Architecture refactor the the light client based on various discussions

Referenced an issue explaining the need for the change
Updated all relevant documentation in docs
Updated all code comments where relevant
Wrote tests
Updated CHANGES.md

romac · 2020-03-17T16:27:13Z

Looks good! 👍

As an aside, Dropbox recently published a post on their experience rewriting their sync engine in Rust, and I found the two points below quite interesting, as they seem to match the conclusions you've drawn yourself from your experiments:

Almost all of our code runs on a single thread (the “Control thread”) and uses Rust’s futures library for scheduling many concurrent actions on this single thread. We offload work to other threads only as needed: network IO to an event loop, computationally expensive work like hashing to a thread pool, and filesystem IO to a dedicated thread. This drastically reduces the scope and complexity developers must consider when adding new features.

The Control thread is designed to be entirely deterministic when its inputs and scheduling decisions are fixed. We use this property to fuzz it with pseudorandom simulation testing. With a seed for our random number generator, we can generate random initial filesystem state, schedules, and system perturbations and let the engine run to completion. Then, if we fail any of our sync correctness checks, we can always reproduce the bug from the original seed. We run millions of scenarios every day in our testing infrastructure.

— https://dropbox.tech/infrastructure/rewriting-the-heart-of-our-sync-engine

zmanian · 2020-03-21T16:36:41Z

docs/architecture/adr-006-light-client-concurrency.md

+The light clients requires an expanding set of peers to get headers
+from. The larger and more diverse the set of peers; the better the
+chances that the light client will detect a fork.
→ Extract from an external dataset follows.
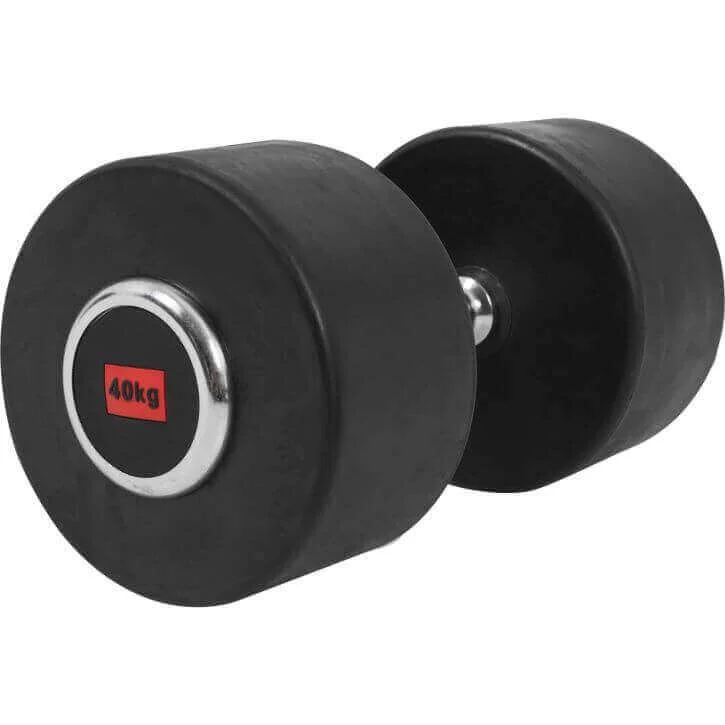 Gorilla Sports Dumbbells PREMIUM gummi, Gummimanualer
The peer list can be
+seeded with peers from configuration and will can crawl the network.


Here is a question.

Should the light client be running the light client protocol only with 1 peer and only running some kind minimal fork detection protocol with other peers?

I don't think it makes any sense to be running the entire light client protocol on multiple peers.

By running the entire light client protocol on multiple peers do you mean fetching headers from multiple peers? I think the idea is to get the primary header from a single peer and then asynchronously fetch the same header from multiple peers to perform fork detection. If the headers differ, then the different header will also go through verification. If the header differs and also pass verification, we have a fork on the main chain. Is that what you mean?

Yes this is what I'm thinking.

ebuchman · 2020-03-29T19:11:41Z

Couple thoughts from review and discussions:

Requester should be called Scheduler for consistency and because it schedules requests, but doesn't perform them itself
ValAndHeader is really HeaderValsCommit (we request the whole package), or HVC
the Scheduler is the component that actually performs bisection by scheduling the intermediate requests and by resubmitting previous HVC to the Verifier
the Scheduler should have some kind of Sync event that triggers it to start syncing to a particular height using a given primary - this would be used to start syncing in the first place and to sync to a conflicting header if one is detected in order to verify it (this should reuse the Verifier)
the Verifier can/should be stateless
Verifier should have two kinds of output errors:
- ErrData - where there is some problem validating or verifying the data, indicating a bad peer
- ErrTrust - where there's not enough trust in the new validator set to skip to it and we need to do bisection
Detector should likely be a minimal component that simply tell the scheduler to request headers, and checks if the headers match the last trusted one. Note ti doesn't need HVC, just Headers. So the Scheduler should also have HeaderReq/HeaderResponse events along with the HVCRequest/HVCResponse so we don't request the extra validator and commit data if we don't need it. If a conflict is detected, the detector tells the scheduler to start bisection for that header with the given secondary peer to verify (via the Verifier) if the conflict is real or its just a bad peer.
Given the detectors minimalism, how to justify its independence from the Scheduler? It may not need to be an independent component, but rather just (potentially parameterizable) part of the logic of the Scheduler.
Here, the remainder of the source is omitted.